EXCERPTED RECORDS START

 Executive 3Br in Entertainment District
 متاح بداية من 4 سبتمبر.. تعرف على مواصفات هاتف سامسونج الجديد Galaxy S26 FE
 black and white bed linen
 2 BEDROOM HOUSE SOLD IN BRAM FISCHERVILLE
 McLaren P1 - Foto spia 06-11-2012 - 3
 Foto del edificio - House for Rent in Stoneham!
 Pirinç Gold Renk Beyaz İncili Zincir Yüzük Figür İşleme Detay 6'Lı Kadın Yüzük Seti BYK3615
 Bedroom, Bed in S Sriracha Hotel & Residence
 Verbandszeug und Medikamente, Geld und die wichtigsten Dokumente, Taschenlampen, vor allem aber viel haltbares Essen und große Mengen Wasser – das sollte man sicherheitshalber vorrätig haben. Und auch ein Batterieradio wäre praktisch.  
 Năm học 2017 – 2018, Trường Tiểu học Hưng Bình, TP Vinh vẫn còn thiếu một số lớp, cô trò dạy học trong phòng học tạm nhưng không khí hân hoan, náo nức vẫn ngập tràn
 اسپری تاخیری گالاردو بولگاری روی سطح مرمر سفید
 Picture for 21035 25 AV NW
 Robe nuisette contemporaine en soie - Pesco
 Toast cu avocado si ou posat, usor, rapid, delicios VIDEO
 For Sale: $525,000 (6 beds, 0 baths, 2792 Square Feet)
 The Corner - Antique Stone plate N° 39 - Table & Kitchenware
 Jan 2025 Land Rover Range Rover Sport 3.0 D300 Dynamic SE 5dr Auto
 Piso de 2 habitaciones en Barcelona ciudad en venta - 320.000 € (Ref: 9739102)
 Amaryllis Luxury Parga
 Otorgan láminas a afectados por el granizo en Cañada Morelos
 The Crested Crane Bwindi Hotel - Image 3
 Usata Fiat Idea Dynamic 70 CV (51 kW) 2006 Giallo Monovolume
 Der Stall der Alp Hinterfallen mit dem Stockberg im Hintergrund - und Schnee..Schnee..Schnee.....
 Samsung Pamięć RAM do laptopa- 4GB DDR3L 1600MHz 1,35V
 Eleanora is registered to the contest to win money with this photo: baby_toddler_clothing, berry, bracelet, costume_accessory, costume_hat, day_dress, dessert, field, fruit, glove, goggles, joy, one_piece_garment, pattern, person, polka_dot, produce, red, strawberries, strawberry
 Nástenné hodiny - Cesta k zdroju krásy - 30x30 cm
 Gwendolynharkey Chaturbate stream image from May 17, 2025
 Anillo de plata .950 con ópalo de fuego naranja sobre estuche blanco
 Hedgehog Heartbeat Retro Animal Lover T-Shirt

EXCERPTED RECORDS END

**TASK DESCRIPTION**
With the first line being the one containing "Foto del edificio" and the last line the one containing "Toast cu avocado", transcribe exactly the lines above that fall in that range.

**EXPECTED OUTPUT**
 Foto del edificio - House for Rent in Stoneham!
 Pirinç Gold Renk Beyaz İncili Zincir Yüzük Figür İşleme Detay 6'Lı Kadın Yüzük Seti BYK3615
 Bedroom, Bed in S Sriracha Hotel & Residence
 Verbandszeug und Medikamente, Geld und die wichtigsten Dokumente, Taschenlampen, vor allem aber viel haltbares Essen und große Mengen Wasser – das sollte man sicherheitshalber vorrätig haben. Und auch ein Batterieradio wäre praktisch.  
 Năm học 2017 – 2018, Trường Tiểu học Hưng Bình, TP Vinh vẫn còn thiếu một số lớp, cô trò dạy học trong phòng học tạm nhưng không khí hân hoan, náo nức vẫn ngập tràn
 اسپری تاخیری گالاردو بولگاری روی سطح مرمر سفید
 Picture for 21035 25 AV NW
 Robe nuisette contemporaine en soie - Pesco
 Toast cu avocado si ou posat, usor, rapid, delicios VIDEO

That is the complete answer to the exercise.